In the Middle Ages, Christianity changed many customs including burial rituals, such as the leaving of gifts in graves. While the doctrine of monotheistic religions concerning reward through heaven or punishment through hell in the afterlife heavily influenced the community’s need for repentance and absolution of guilt, the churches started to be surrounded by graveyards. For this reason during the Byzantine period the surroundings of the e churches of Caunos became the new burial grounds.
The cemetery of the Municipality of Dalyan is on the other shore of the Calbis river… The dead taken across on boat and the rock tombs lining the cliff over the graveyard appears as a continuation of the customs of antiquity.
Similarly, according to myth that explains the separation of life and death, one must make the crossing of the River Styx by way of Charons’ boat to Hades in order to find peace and a final resting place.

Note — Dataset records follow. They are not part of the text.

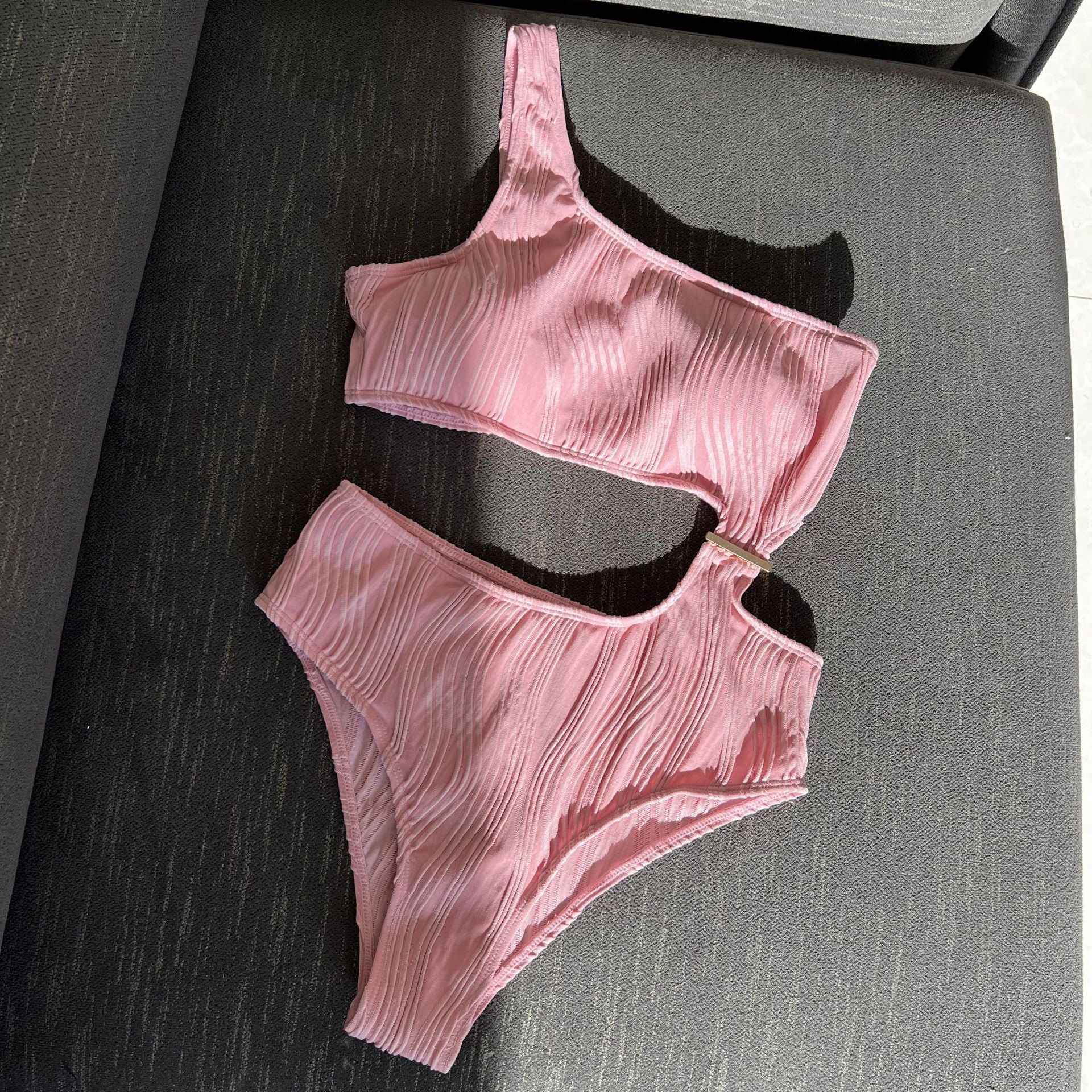 New textured cloth sexy hollow one-piece swimsuit bikini.
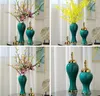 Vazolar Europes Buje Stijl Koyu Yeşil Keramische Opslag Pot Metiksel Emaille Heldere Vergulde Bloemen Woondecoratie Art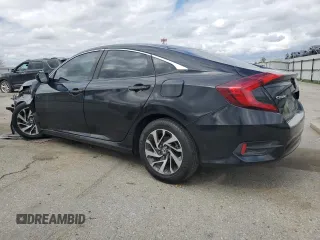2017 Honda Civic Sedan LX with VIN 2HGFC2F55HH556765, listed as a Copart auction lot 47241065 with 104,038 mi miles and Salvage Title. Bid and sale history available at carsss.com. Image 2.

Visitors coming to Dalyan for the first time fall under a sort of spell of enchantment when taking in the captivating and unforgettable sight of the six rock tombs carved into the limestone cliffs on the other shore of the river. These monumental tombs that almost turn into a painting under the yellow light of the spotlights are like doors to antiquity, in which civilisation was elevated with reason and artistic creation and opens into eternity by uniting death and immortality. The actual number of graves is more than meets the eye. There used to be 167 rock tombs built between the 4th – 2nd centuries BC on the promontory of the Balıklar Mountain that surrounds the north of the former North Cove’s steep cliffs. Most of the tombs are grouped into seven different areas of varying heights and are of the pigeon hole and niche variety. However the most important ones in terms of archaeology well as the most interesting ones to look at, are the temple-faced rock tombs dating back to the 4th century BC.
In all of the temple-faced rock tombs and in some of the other types, the peripheries of the tomb chambers re dug out to form a corridor between the rock and the tomb, and the same was done for the roof too, which makes the tombs connected to the rock only. This practice, which gives the grave the appearance as if it is exhibited in a niche, but also required a lot of consruct, is strictly specific to Caunos and to its immediate sphere of influence.

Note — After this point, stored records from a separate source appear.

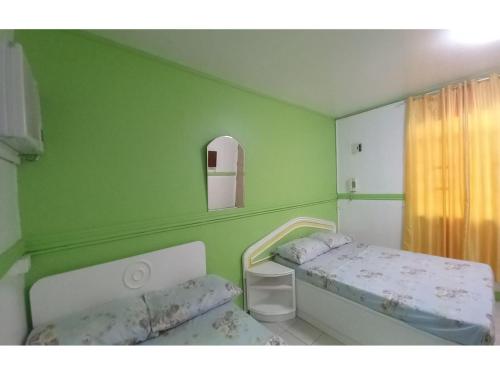 een groene kamer met 2 bedden en een raam bij OYO 1048 Jomckayl Apartelle in Naga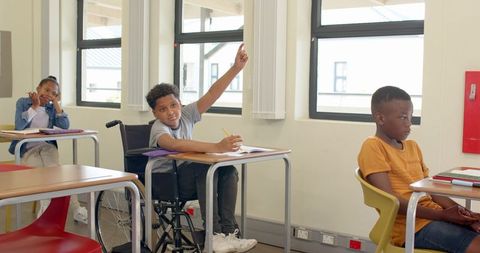 Diverse Students Learning with Engaged Wheelchair User in Modern Classroom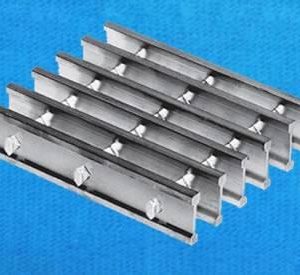 Swage-locked grating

The front façade of the temple-faced rock tombs is arranged in imitation of an inantis-planned Hellenistic temple with two Ionian columns between the antes and above these, a triangular pediment, an architrave ornamented with tooth friezes, and palm-leafed terions (placed at the two edges and upper centre of the pediment). The pediments are generally not ornamented. However, one pediment features two lion figures facing each other as well as a bird and a mythological creature at the pointed corners. Three divan platforms on the side and rear walls of the tomb chambers indicate that they were used for more than one burial, that is, they were family tombs. No doubt the entrances of all tomb chambers were covered with stone plates carved to appear like four-panel doors, unfortunately only few of these have survived. Only a very few of the tombs have inscriptions. While one of these contains two words in the Carian language, the others are not of Carian origin (Bean-2000). This is connected with the fact that Caunos started to become influenced by Hellenistic culture during the reign of Mausolus as well as with the fact that rock tombs were used in the Roman era.
The largest of the rock tombs is located within the group situated across the town of Dalyan. The grave which was planned as a four-column grave but was probably left unfinished at the beginning stage due to the political and economic chaos caused by Alexander’s invasion of Halicarnassus and Caria, provides information on the working methods of the stonemasons of the time. The stonemasons that smoothed the rock surface using scaffoldings completed the roof, pediment and acrators, but after forming the upper parts of the column bodies and the capitals as drafts, the work was suddenly stopped.